• **TASK TO COMPLETE**:
Once the line containing "forma  de  sensaciones  u  otras  formas  de" is found in the entries below, reproduce it and every line after it, stopping at and including the line containing "Floral Printed lime"; reproduce nothing else, and keep each line exact.

=====

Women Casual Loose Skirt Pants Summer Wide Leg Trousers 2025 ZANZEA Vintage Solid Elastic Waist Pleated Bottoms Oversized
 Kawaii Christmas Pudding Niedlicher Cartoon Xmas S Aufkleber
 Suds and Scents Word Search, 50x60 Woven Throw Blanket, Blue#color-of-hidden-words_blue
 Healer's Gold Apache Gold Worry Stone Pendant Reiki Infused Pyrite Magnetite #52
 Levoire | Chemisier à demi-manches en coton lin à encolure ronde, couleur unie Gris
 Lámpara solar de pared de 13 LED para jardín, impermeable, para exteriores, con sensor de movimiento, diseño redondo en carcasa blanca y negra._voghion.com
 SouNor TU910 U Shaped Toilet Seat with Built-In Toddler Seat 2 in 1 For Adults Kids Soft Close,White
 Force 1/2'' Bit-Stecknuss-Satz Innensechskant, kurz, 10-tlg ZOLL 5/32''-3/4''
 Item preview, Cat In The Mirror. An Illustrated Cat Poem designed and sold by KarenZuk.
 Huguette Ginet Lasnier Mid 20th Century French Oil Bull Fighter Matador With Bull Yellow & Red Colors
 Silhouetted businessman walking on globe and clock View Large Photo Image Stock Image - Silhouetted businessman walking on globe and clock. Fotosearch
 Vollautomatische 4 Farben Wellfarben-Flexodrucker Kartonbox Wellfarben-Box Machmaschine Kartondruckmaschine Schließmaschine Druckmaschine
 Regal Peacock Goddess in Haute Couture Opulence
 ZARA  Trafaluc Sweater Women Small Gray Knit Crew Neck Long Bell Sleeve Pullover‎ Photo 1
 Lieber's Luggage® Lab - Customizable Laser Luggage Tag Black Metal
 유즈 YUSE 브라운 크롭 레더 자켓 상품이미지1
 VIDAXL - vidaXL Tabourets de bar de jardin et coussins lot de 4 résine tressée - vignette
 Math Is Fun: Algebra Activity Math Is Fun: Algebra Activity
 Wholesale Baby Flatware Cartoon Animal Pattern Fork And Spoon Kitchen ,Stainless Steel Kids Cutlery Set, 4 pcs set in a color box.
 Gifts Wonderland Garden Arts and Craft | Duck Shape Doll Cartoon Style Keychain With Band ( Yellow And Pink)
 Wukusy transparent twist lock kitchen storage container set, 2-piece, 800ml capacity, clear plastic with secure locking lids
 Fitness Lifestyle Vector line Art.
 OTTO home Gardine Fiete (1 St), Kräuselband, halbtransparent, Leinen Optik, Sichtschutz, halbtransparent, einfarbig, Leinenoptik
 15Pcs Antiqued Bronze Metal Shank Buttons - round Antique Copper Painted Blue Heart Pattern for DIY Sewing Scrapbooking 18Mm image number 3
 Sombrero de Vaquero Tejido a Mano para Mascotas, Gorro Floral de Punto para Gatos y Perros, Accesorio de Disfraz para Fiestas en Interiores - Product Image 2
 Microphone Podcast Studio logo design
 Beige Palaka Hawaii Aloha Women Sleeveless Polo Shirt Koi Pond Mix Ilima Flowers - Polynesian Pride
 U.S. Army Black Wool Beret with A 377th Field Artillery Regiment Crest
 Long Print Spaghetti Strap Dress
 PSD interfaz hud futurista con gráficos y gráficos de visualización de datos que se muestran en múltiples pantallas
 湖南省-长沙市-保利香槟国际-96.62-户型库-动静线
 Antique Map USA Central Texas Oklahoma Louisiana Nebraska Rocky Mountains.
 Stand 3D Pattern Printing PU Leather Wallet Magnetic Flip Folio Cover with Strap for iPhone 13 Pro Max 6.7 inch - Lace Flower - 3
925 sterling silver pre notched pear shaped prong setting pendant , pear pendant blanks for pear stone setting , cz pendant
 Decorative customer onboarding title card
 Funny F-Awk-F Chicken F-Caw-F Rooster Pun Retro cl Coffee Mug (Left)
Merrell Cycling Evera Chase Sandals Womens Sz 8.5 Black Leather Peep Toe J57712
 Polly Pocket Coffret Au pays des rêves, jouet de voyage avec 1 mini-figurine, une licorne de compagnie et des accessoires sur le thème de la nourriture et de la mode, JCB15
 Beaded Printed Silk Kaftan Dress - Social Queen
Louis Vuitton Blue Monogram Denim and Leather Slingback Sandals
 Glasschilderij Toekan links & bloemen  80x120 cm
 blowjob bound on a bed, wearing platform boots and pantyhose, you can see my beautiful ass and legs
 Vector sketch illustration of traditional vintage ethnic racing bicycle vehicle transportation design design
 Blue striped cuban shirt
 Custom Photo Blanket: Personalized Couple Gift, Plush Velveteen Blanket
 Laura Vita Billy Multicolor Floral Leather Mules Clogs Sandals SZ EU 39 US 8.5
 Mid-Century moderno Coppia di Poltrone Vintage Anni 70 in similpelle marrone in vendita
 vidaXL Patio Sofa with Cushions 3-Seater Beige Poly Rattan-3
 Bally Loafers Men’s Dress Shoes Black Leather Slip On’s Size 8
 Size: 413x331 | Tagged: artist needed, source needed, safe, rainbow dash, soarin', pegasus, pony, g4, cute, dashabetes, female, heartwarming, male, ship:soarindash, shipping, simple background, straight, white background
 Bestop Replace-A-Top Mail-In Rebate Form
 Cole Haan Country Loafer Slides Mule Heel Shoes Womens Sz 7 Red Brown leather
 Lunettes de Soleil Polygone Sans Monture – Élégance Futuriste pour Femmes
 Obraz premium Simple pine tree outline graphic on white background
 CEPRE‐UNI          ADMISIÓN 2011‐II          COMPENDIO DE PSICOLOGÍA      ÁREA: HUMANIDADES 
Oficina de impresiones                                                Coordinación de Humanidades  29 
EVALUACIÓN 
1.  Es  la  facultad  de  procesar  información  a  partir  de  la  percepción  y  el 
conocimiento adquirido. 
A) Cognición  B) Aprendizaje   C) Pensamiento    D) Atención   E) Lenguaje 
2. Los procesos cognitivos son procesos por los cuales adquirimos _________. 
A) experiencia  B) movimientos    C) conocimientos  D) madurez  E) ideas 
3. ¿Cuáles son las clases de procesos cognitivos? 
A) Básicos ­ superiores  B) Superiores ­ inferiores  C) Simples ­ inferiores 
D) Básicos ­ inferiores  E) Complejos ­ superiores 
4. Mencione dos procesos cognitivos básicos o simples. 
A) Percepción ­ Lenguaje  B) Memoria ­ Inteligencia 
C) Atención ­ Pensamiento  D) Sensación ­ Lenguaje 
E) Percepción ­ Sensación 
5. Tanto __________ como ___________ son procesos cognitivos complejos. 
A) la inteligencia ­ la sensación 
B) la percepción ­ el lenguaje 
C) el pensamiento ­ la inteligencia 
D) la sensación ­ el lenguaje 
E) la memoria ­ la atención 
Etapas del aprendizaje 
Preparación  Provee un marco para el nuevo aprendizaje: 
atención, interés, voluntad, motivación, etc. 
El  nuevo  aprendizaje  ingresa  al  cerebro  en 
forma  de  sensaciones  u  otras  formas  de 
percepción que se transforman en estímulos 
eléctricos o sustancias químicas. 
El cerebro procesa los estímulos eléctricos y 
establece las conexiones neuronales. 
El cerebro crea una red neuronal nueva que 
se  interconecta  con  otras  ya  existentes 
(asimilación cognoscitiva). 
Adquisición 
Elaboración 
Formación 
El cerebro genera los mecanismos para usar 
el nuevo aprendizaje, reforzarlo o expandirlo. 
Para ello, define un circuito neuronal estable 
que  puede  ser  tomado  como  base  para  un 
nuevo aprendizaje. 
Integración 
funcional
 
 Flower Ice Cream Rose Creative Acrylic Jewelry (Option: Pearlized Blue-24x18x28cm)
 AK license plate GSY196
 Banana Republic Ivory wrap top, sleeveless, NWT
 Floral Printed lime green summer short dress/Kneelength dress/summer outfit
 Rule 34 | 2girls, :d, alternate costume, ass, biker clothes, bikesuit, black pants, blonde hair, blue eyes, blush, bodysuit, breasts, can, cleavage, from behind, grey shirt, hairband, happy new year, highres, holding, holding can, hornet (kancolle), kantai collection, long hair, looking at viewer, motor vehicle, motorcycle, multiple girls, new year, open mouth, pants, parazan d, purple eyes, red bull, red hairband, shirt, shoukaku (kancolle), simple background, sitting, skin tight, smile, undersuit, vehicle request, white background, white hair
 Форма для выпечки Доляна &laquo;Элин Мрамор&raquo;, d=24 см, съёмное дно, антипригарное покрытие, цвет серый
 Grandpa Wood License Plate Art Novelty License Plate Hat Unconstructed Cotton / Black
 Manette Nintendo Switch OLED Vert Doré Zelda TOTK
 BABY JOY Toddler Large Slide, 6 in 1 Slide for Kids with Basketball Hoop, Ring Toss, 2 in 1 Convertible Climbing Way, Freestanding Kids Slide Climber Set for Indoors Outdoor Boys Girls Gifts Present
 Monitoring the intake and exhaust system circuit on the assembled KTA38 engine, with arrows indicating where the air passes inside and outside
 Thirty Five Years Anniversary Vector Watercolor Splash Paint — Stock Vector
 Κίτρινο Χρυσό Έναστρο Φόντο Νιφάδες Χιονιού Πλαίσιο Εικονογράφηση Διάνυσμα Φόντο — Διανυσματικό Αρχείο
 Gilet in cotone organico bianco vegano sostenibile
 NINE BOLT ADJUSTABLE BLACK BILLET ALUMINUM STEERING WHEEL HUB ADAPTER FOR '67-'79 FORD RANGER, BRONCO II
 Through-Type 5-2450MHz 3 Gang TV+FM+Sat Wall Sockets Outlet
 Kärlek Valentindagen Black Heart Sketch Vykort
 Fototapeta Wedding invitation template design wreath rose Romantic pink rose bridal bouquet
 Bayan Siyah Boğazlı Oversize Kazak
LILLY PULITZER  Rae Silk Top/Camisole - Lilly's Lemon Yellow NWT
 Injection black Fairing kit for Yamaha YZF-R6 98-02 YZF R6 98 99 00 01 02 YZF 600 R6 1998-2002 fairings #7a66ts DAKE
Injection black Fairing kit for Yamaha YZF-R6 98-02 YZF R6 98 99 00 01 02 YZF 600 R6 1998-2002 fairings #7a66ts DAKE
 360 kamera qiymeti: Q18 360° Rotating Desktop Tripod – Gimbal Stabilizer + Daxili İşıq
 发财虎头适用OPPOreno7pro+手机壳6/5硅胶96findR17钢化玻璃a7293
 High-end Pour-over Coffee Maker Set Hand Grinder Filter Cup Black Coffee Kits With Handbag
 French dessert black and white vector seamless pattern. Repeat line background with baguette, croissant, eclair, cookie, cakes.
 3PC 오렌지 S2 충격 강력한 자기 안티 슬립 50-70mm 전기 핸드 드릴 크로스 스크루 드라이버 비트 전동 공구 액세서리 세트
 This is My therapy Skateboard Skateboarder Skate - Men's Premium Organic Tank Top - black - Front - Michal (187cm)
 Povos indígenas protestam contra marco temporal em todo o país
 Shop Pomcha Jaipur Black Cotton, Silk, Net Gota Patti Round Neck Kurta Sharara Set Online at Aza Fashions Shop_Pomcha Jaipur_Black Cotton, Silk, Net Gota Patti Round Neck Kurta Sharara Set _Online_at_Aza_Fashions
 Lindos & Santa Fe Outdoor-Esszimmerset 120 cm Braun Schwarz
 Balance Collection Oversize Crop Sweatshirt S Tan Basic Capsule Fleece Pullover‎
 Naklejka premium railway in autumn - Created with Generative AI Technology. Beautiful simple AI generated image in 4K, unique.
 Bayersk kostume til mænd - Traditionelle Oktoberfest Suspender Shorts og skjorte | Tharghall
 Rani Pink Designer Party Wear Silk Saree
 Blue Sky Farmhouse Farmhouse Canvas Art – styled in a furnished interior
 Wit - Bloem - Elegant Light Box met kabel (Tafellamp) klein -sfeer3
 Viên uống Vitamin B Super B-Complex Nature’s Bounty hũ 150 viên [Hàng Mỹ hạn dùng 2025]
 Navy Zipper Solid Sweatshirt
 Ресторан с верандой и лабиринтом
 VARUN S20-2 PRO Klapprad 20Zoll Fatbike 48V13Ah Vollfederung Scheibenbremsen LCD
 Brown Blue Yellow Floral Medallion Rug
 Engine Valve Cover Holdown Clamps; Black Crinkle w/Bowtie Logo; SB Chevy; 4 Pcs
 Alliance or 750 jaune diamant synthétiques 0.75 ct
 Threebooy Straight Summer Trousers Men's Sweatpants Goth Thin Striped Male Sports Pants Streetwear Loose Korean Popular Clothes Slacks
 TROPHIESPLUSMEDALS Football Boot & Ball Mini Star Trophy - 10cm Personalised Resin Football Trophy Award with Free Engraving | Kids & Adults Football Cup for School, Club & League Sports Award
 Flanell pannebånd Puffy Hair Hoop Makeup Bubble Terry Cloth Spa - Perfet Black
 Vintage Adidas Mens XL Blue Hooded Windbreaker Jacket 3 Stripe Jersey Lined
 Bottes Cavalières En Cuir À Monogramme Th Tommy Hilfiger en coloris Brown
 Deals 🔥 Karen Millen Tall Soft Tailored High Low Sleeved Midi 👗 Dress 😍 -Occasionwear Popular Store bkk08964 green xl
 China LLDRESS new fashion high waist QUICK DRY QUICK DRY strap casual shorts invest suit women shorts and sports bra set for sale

=====

• **YOUR SOLUTION**:
forma  de  sensaciones  u  otras  formas  de 
percepción que se transforman en estímulos 
eléctricos o sustancias químicas. 
El cerebro procesa los estímulos eléctricos y 
establece las conexiones neuronales. 
El cerebro crea una red neuronal nueva que 
se  interconecta  con  otras  ya  existentes 
(asimilación cognoscitiva). 
Adquisición 
Elaboración 
Formación 
El cerebro genera los mecanismos para usar 
el nuevo aprendizaje, reforzarlo o expandirlo. 
Para ello, define un circuito neuronal estable 
que  puede  ser  tomado  como  base  para  un 
nuevo aprendizaje. 
Integración 
funcional
 
 Flower Ice Cream Rose Creative Acrylic Jewelry (Option: Pearlized Blue-24x18x28cm)
 AK license plate GSY196
 Banana Republic Ivory wrap top, sleeveless, NWT
 Floral Printed lime green summer short dress/Kneelength dress/summer outfit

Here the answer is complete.